Foreign Russia Bondholders Still Haven’t Received March 2 Coupon

(Bloomberg) — Foreign holders of Russia’s local-currency government bonds still haven’t received coupon payments three days after they were due, according to financial data provider CBonds and five investors at American and European firms. 

Russia’s National Settlement Depository received the interest — 11.2 billion rubles ($98 million) on 339 billion rubles of bonds known as OFZs due February 2024 — from the government on Wednesday and paid local investors, they said. But international investors weren’t paid because of the Russian central bank’s order barring foreign payments.

“Money is in NSD, payments to Russian bondholders were made,” said Elena Avdonicheva, Head of Russia & CIS Fixed Income Department at CBonds. “Payments to non-residents weren’t made due to government ban, this money is frozen in NSD until further notice. Technically we can expect that money will reach bondholders later.”

The five investors asked not to be identified because they’re not authorized to talk about it.

Local Russian debt has a grace period of 10 working days after the Moscow Stock Exchange publishes what it calls a technical default, according to Cbonds. It’s unclear if that will happen because technically, Russia paid.

“Officially in Russia it is not called a default,” Avdonicheva said. “But if we follow the logic: money hasn’t reached bondholders in the right time and investors couldn’t reinvest coupon payments, then it is a technical default.” 

While Moscow did pay this week, investors are concerned about whether it will be able or willing to make future payments as the war and sanctions escalate. Investor confidence is already fragile, with default insurance contracts signaling a record likelihood of default.

All eyes are now on Russia’s foreign-currency debt. The government is due to pay more than $100 million of coupons on two dollar bonds on March 16. It also has another interest payment due on March 21 and a $2 billion bond maturing on April 4.

Grace Period

International bonds have a 30-day grace period and a failure to pay in that time could trigger credit-default swaps, though there’s concern about whether those would pay out as well.

Two of the investors who own the ruble bonds said they were encouraged by news that a Russian telecommunications company paid a coupon due Thursday on dollar bonds.

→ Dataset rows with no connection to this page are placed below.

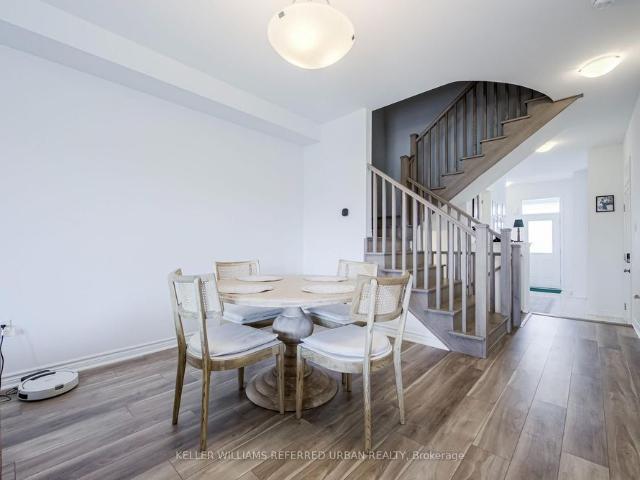 For Lease 1257 Ferguson Drive Unit# 26, Milton, Ontario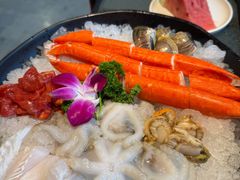 -集渔·泰式海鲜火锅(科华店)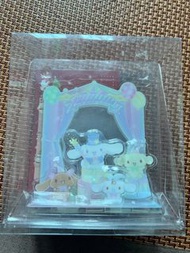 Sanrio 鏡
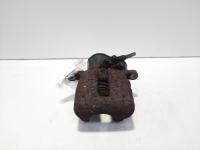 Etrier dreapta spate cu motoras, Vw Passat Variant (365) 2.0 TDI, CFF (id:590532)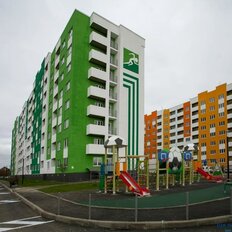 Квартира 33 м², 1-комнатная - изображение 2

A default by Russia might carry a smaller risk of contagion to global financial markets than in 1998 because investors have reduced their holdings of Russian assets, according to some analysts. Direct exposures to Russia through trade flows and foreign banks’ claims have already dropped by two thirds since 2013 and are almost half of those before Russia’s last default, according to JPMorgan Chase and Co.